I don't think I completely understand what you mean. could you provide an example please?

Data validation has nothing to do with permission levels, the validation of an email address for instance will be equally compulsory for an admin or user.

Regardless of that fact, in an environment with different input rule sets, these rule sets shouldn't be hard-coded, rather be saved in a persistent storage mechanism like a database or configuration file. So the controller or modem doing the validation can use the corresponding rules when dealing with input.[/quote]

So if you get 100% validated data from another part of your system, lets say an auto import or maintenance systems, should it get validated again because the validation logic is in the model? That seems redundant.

[eluser]icomefromthenet[/eluser]
The majority of codeigniter controllers can be classified as Transaction Scripts. With very thin models that handle basic CRUD operations.

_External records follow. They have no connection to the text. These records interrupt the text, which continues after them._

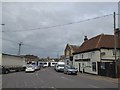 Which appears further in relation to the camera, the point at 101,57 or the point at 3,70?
the point at 101,57

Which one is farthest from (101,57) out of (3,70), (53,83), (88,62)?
(53,83)

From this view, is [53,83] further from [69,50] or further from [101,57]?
[69,50]

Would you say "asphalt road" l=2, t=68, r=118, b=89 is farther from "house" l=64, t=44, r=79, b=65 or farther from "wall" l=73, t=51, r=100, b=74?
"house" l=64, t=44, r=79, b=65

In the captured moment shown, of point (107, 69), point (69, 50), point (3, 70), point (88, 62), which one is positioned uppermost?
point (69, 50)

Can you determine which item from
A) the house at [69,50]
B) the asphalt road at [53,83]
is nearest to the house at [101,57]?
the asphalt road at [53,83]

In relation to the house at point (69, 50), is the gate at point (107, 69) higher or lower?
lower

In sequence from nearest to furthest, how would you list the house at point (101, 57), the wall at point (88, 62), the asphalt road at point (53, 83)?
the asphalt road at point (53, 83) → the house at point (101, 57) → the wall at point (88, 62)

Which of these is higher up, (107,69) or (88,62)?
(88,62)

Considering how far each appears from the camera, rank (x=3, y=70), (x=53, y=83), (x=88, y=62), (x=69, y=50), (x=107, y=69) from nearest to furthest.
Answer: (x=53, y=83)
(x=107, y=69)
(x=3, y=70)
(x=88, y=62)
(x=69, y=50)

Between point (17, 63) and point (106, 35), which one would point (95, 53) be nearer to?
point (106, 35)

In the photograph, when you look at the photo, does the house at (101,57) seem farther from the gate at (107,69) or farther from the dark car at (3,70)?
the dark car at (3,70)

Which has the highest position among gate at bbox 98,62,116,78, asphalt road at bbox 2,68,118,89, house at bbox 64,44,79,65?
house at bbox 64,44,79,65

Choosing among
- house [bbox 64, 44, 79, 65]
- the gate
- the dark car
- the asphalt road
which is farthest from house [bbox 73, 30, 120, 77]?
house [bbox 64, 44, 79, 65]

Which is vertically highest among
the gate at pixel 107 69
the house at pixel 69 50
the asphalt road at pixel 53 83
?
the house at pixel 69 50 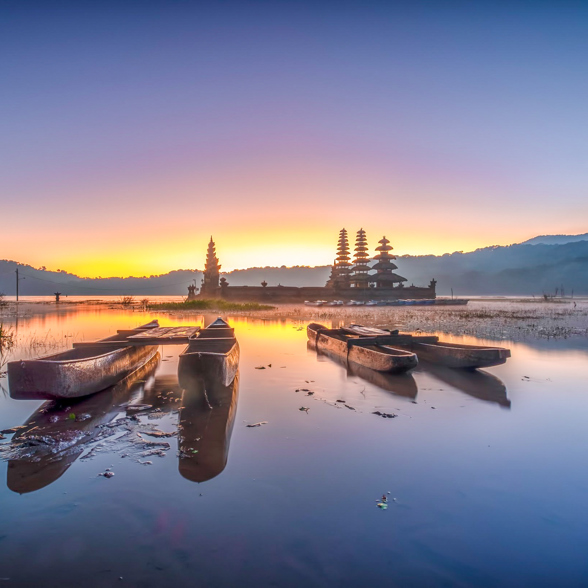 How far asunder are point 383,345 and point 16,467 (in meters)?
8.05

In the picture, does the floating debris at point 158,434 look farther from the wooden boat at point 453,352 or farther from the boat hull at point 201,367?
the wooden boat at point 453,352

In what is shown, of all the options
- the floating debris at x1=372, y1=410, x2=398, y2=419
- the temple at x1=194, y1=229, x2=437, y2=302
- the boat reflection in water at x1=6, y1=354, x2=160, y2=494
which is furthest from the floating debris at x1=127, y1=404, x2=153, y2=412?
the temple at x1=194, y1=229, x2=437, y2=302

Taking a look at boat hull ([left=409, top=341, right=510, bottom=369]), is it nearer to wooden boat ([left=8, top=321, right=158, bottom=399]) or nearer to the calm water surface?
the calm water surface

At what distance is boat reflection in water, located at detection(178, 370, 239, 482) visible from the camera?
13.9ft

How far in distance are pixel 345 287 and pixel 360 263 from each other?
21.7ft

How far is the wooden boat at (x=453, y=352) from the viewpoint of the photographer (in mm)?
8320

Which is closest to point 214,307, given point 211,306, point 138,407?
point 211,306

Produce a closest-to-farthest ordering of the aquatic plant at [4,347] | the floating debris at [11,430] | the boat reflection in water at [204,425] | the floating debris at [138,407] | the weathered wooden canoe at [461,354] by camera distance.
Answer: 1. the boat reflection in water at [204,425]
2. the floating debris at [11,430]
3. the floating debris at [138,407]
4. the weathered wooden canoe at [461,354]
5. the aquatic plant at [4,347]

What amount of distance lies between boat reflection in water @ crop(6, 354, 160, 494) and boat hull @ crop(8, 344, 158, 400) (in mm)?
269

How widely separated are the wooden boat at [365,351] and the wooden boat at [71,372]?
5127 mm

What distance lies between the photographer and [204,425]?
5.50m

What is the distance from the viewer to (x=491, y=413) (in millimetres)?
6281

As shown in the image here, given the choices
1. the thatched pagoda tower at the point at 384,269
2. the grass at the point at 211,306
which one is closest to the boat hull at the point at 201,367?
the grass at the point at 211,306

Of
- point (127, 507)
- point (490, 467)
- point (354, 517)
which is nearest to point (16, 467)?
point (127, 507) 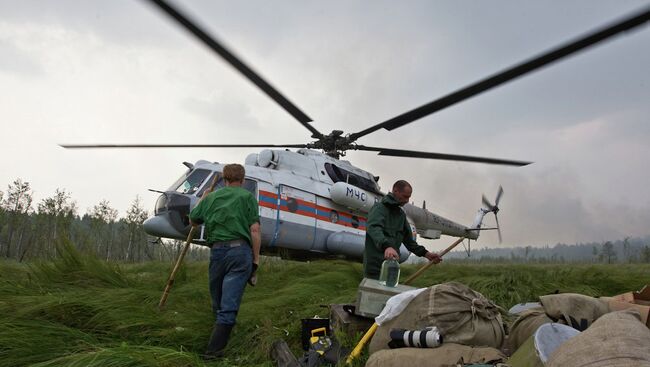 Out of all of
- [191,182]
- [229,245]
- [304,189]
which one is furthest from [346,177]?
[229,245]

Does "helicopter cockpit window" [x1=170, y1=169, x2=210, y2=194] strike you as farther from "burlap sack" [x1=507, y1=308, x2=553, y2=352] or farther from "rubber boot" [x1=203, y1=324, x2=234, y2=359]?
"burlap sack" [x1=507, y1=308, x2=553, y2=352]

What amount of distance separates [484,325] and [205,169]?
6.86 meters

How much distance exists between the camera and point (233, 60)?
5.43 m

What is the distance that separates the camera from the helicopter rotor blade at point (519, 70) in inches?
146

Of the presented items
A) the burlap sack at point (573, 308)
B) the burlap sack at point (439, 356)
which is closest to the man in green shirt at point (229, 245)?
the burlap sack at point (439, 356)

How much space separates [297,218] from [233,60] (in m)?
4.64

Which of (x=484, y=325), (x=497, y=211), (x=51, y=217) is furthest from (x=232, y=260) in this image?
(x=51, y=217)

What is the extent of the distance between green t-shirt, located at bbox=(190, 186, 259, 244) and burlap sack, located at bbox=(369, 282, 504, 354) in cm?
168

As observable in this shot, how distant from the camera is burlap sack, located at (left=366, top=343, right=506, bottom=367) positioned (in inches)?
99.3

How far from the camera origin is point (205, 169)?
866 centimetres

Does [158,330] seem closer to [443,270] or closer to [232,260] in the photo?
[232,260]

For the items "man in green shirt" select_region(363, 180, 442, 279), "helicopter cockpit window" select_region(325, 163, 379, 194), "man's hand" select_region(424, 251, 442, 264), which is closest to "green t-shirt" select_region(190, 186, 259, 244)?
"man in green shirt" select_region(363, 180, 442, 279)

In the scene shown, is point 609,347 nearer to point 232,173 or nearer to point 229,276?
point 229,276

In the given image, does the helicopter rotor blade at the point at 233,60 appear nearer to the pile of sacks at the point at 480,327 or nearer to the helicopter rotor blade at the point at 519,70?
the helicopter rotor blade at the point at 519,70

This is fine for small projects, blogs and simple content managment system.

When the complexity of the project rises, you really need to create a proper domain model.

Tools like DataMappers, ActiveRecord ORM's help you quickly develop the basic CRUD in your domain, up to you to add the business logic, and access rules.

The Codeigniter database class is only a query builder and will not do for complex projects.